The report directs an update on ­water-training policies to be published in May and for the deputy commandant for installations and logistics to develop a list of water-training facilities required to be built or modified for the expansion of swim training by June.

As the military shifts its focus from ­operating in the desert environment of the Middle East and Afghanistan to the Indo-Pacific, Marine leaders want to ensure troops are prepared to handle an aquatic environment.

“We actually want to build confidence and capability in the water, so they are ready for the Pacific theater,” Iiams said during the roundtable.

The move for revised water safety ­standards comes following concern over the swimming abilities of the force.

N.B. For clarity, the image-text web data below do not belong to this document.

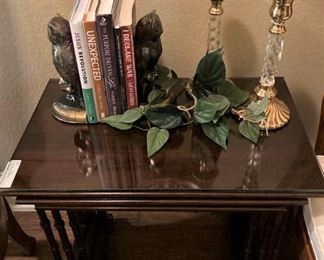 Stack tables; owl book ends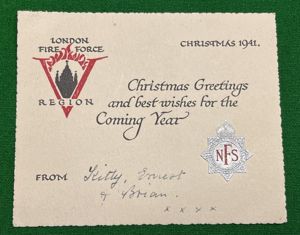 1941 London Fire Force Christmas Card.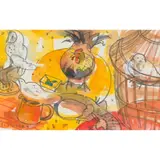 Glen Scouller, FLOOR ARRANGEMENT, YELLOW, watercolour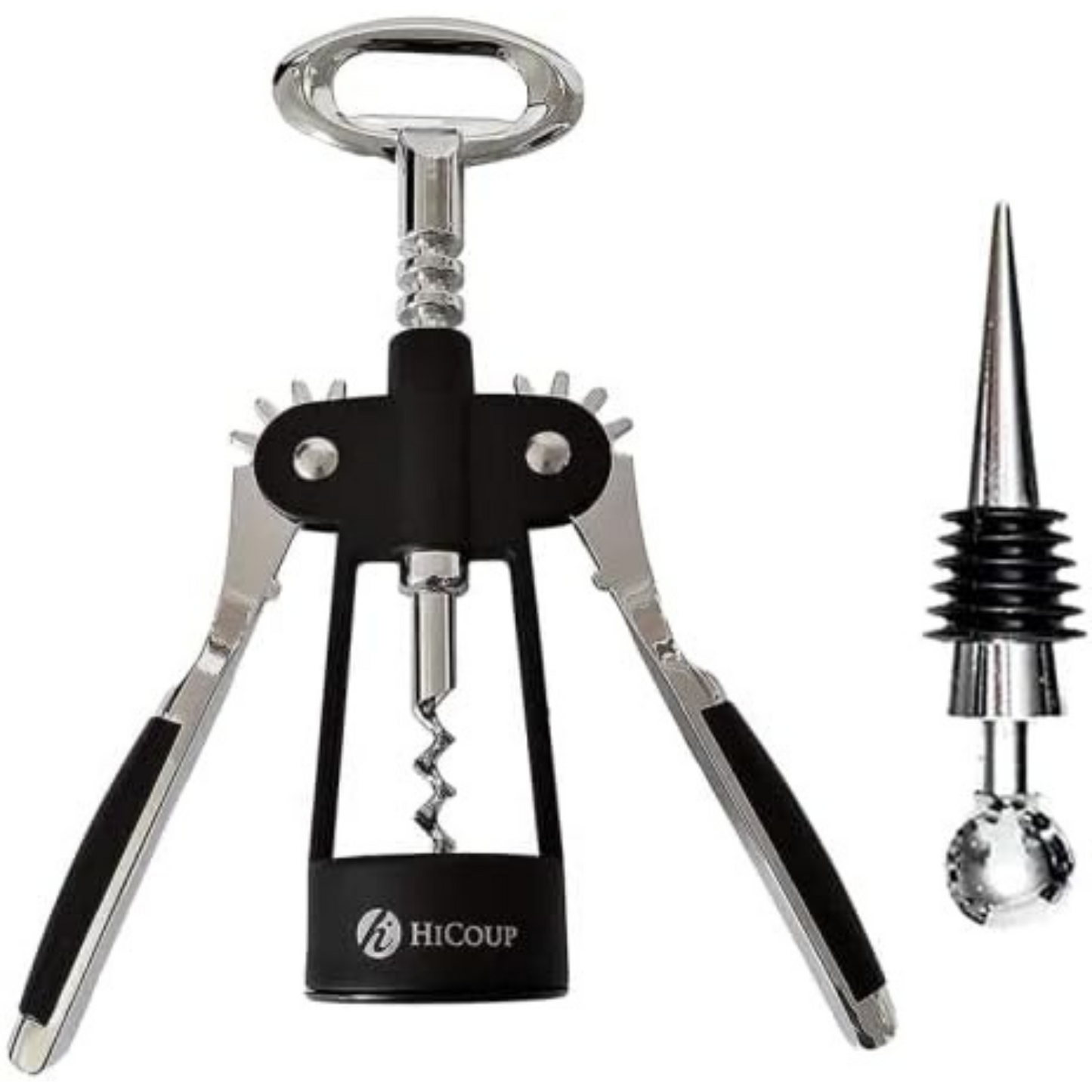 HiCoup Wine Opener – Wing Corkscrew with Winged Grip & Stopper, Easy to Use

In 2022, at least two Marines drowned during recreational swimming, and ­another drowned during a training incident, Marine Corps Times previously reported from Naval Safety Center data.

Revamping educational opportunities

The Marine Corps also is planning to look closely at the professional military education it offers, including to sailors.

The Marine Corps University, in Quantico, Virginia, has in recent years placed increased emphasis on naval warfighting, according to the ­training report. That comes as the Corps is focusing more on amphibious operations that require greater green-blue ­integration.

If it’s offering more content related to the Navy, Marine Corps University should have more faculty and students from the Navy, the report says.

The Corps also is launching an assessment of the university faculty and “­provide recommendations for changes in resourcing, policies, or structure.” Meanwhile, the fleet will offer feedback to the university and other professional military education institutions about the curricula they offer.

“As we prepare for the future fight, we need Marines who possess the intellectual ability to out-think their adversaries,” the report states. “We hone this ability through deep and active engagement with the brightest minds and the most challenging material, which forces Marines to contend with their assumptions, perceptions, and concepts.”

The Corps will expand the number of slots at professional military education schools, as well as “special duty assignment opportunities, Army Airborne school quotas, degree completion and certification programs, retraining in another primary MOS (PMOS), and enlisted-to-officer commissioning programs.”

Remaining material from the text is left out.